I wore just about every piece of clothing I packed with me and then borrowed other clothing articles such as additional long underwear, thick wool socks and a long scarf. I also borrowed a pair of boots that were too big for me, but felt like they fit because of the abundance of socks I was wearing. I still felt cold after 3 periods of hockey.

I learned during the drive from Tampere to Helsinki that there were some other things about this game that I found interesting. Number one, was the two teams that were playing—HIFK and Jokerit—were Helsinki’s two largest clubs with the biggest rivalry. Every game between the two clubs is sold out. This game at Helsinki Olympic stadium would be no different. The game from last year drew over 2000 more spectators, but the temperature was not nearly as cold.

The second was that Mikael Granlund, the leading scorer for the eventual winning HIFK, also was the second leading scorer in the whole league and was only 19 years old (he has turned 20 between the time of the match and me writing this piece). He was drafted by the Minnesota Wild and easily could be playing in the NHL this season, but decided to stay in Finland for one more year. He is expected to play next year in the NHL and must be the favourite for the Calder Trophy as the top rookie.
 Unfortunately, Granlund did not do much during the game. The player that stole the show was former NHL’er Jarkko Ruutu. Ruutu was known as a pest or agitator in the NHL. In fact, he was once suspended for biting another player’s glove. Jarkko drew several boos from the home crowd, and got under his opponents skin right from his first shift. To me, he was the most noticeable player playing albeit in a losing cause. He scored the game tying goal in the third period that eventually forced the game to a shootout and extended the shootout longer by scoring as well. The home team HIFK scored the eventual shootout winner and Jarkko Ruutu’s impression on me went to waste.

Wednesday, March 7, 2012

Hockey in Finland

I took a bus from Prague to an airport in Germany and flew from Germany to the small city of Tamperes in Finland.
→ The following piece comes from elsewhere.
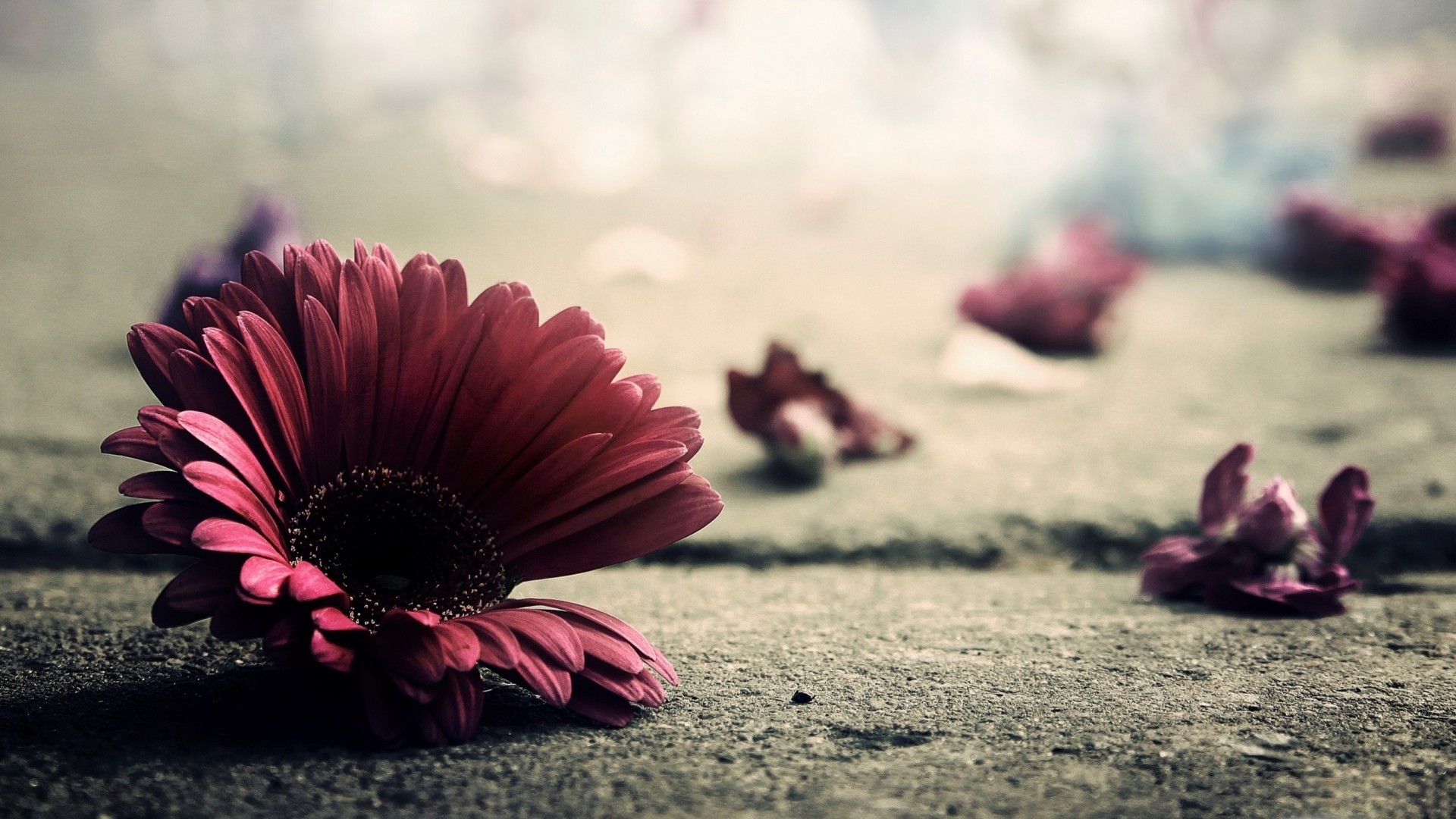 Gerbera, Petali, Fiore viola, Asfalto, Full HD, sfondo Windows 11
In Finland I had the opportunity to see a hockey game in another small city close by Tamperes with a Finnish and a French Canadian architecture student. 

The Finnish league--SM-Liiga--did something unique that I thought added to my enjoyment of the game. The leading scorer on each team wore a gold helmet. I found this to make things more interesting, especially for someone unfamiliar with the players. My anticipation rose when the gold helmet players were on the ice as I was waiting for them to do something exciting—by scoring a goal or making a pretty pass—and I found myself at the edge of my seat.

To add to the excitement, with the home team down by one goal with time dwindling down on the clock in the third and final period their leading scorer –the gold helmeted player—had not one but two break away chances! That is to say, he was stopped on both chances and disappointed all the fans that were cheering him on. Would these plays have been as exciting without the special lid on his head? 

I know one thing, I felt more disappointed because he was supposed to be the best player, exactly the player your team would want to have on a breakaway in such a situation. He choked under pressure. I am not very familiar with the league, nor with the players in the league so the helmet helped highlight the players worth coming to see and the players I would expect to come through in clutch situations.
Had it been the NHL the helmet would be unnecessary for me because I already know who these players are and who to have my eyes on. It would still be interesting to see. I also think it would be an interesting dynamic from the team perspective, especially where the top point producer on the team changes from game to game. I think it would also make the game more interesting for the casual fan, for the same reasons the helmet made the Finnish game more interesting for me.

The only standout comment I had about the game play was how poor some of the line changes were done.